[Image-caption web data]
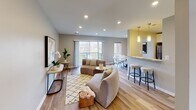 Located at 3130 Normandy Woods Dr in Ellicott City, Maryland, this well-appointed single-floor residence offers a thoughtfully designed layout that balances comfort and modern style. The open-concept living and dining area is anchored by warm hardwood-style flooring, recessed lighting, and large sliding glass doors that flood the space with natural light and provide direct access to a private balcony overlooking a lush green landscape. The living area flows naturally into a dining space featuring a striking oval marble-top table, framed by windows with scenic outdoor views. The kitchen is equipped with stainless steel appliances including a gas range and dishwasher, complemented by rich stone countertops with dramatic veining, a built-in sink, and crisp white cabinetry offering ample storage. A breakfast bar with pendant lighting connects the kitchen to the main living space. The bedroom features plush carpeting, a ceiling fan, and a generously sized window that brings in plenty of natural light while offering pleasant outdoor views. An additional bedroom provides a quiet, carpeted retreat with neutral tones. The bathroom is finished with large-format neutral tiles surrounding a soaking tub and shower combination, chrome fixtures, and clean, contemporary detailing throughout.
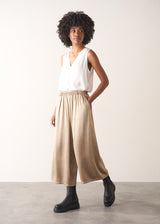 Woman wearing a white sleeveless top and champagne satin wide-leg trousers against a plain background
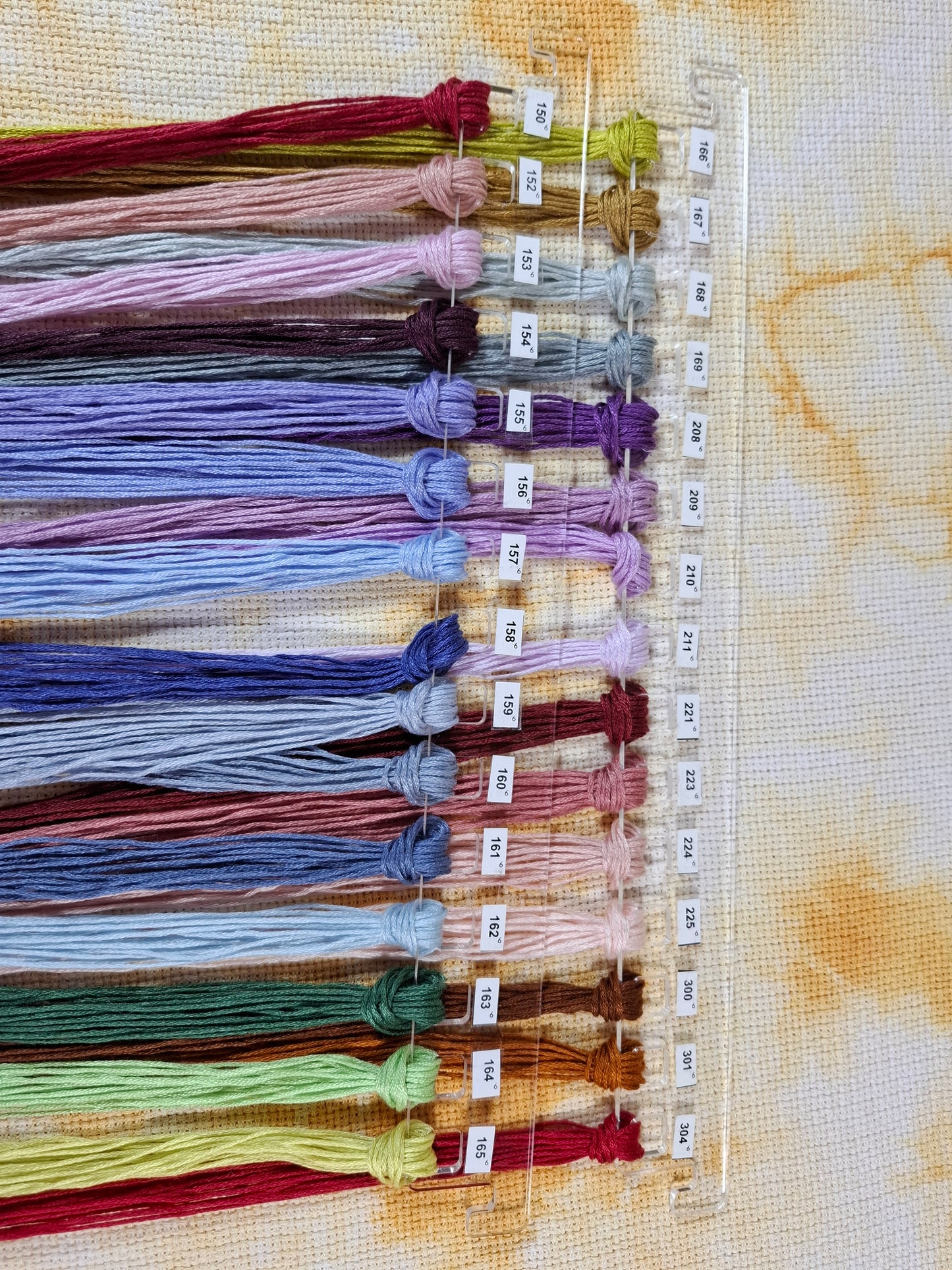 Organizador de hilos transparente con 15 colores de hilos ordenados y etiquetados.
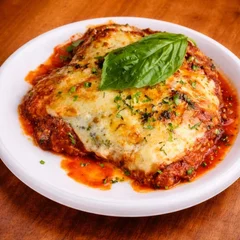Parmegiana De Contra File Com Salada De Macarrao Ou Pure De Batata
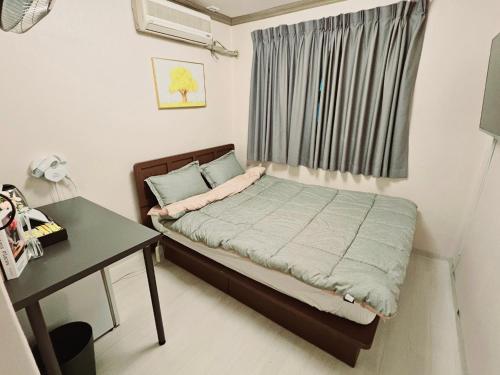 a small bedroom with a bed and a desk at K Highstel Uijeongbu 35 in Uijeongbu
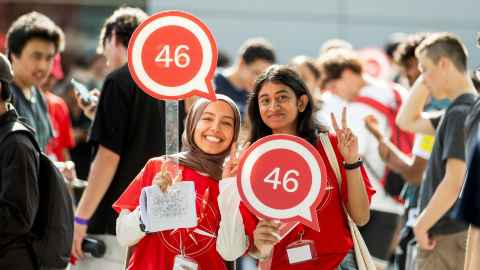 Two UniGuides posing for a photo at Orientation.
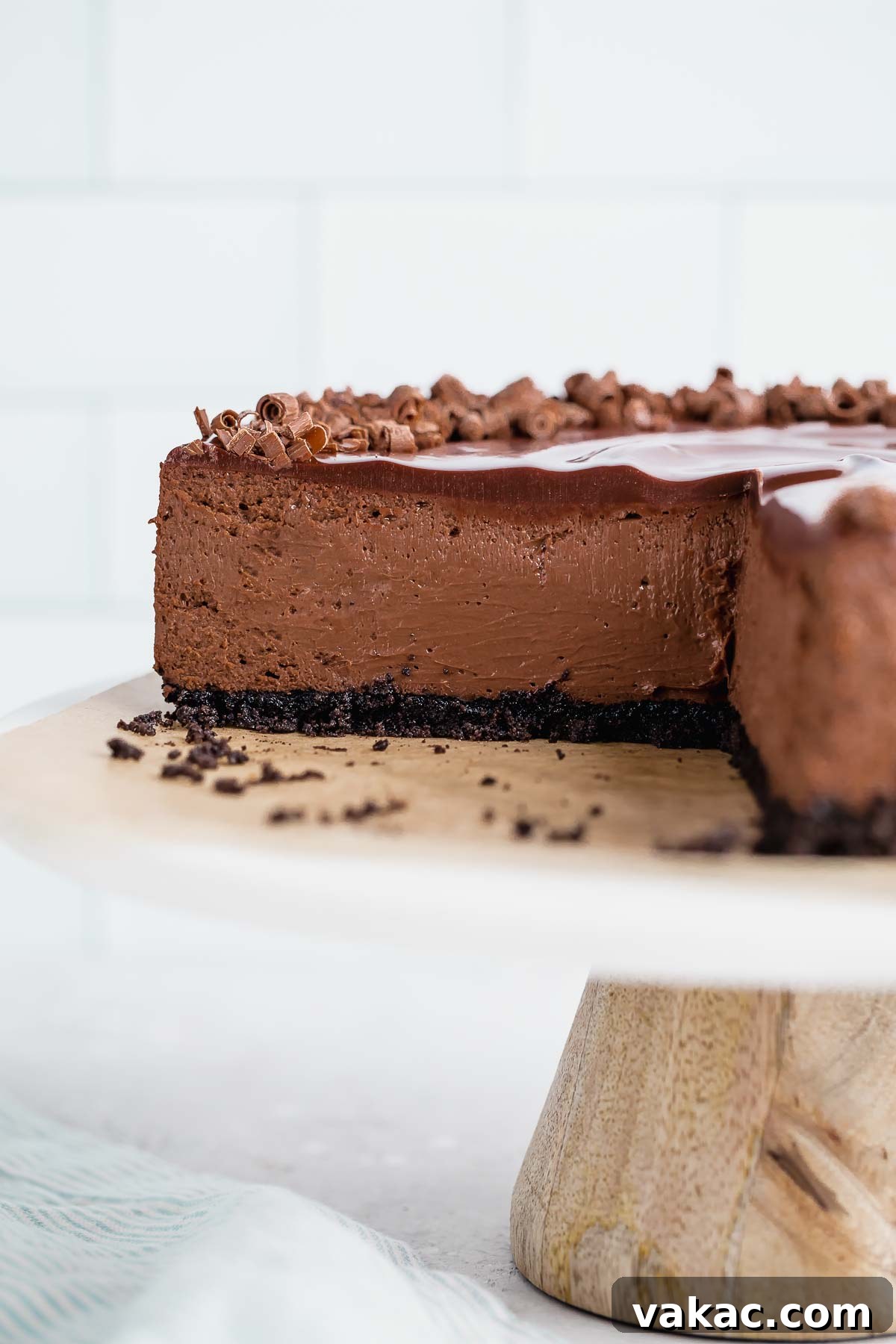 A side view of a perfectly sliced chocolate cheesecake, revealing its creamy layers and rich texture, presented on a elegant marble-top cake stand.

# [Work task]
All lines from the one containing "a small bedroom" to the last line of the data above, both included, should be printed exactly, and the pictures should not appear.

# [Result below]
 a small bedroom with a bed and a desk at K Highstel Uijeongbu 35 in Uijeongbu
 Two UniGuides posing for a photo at Orientation.
 A side view of a perfectly sliced chocolate cheesecake, revealing its creamy layers and rich texture, presented on a elegant marble-top cake stand.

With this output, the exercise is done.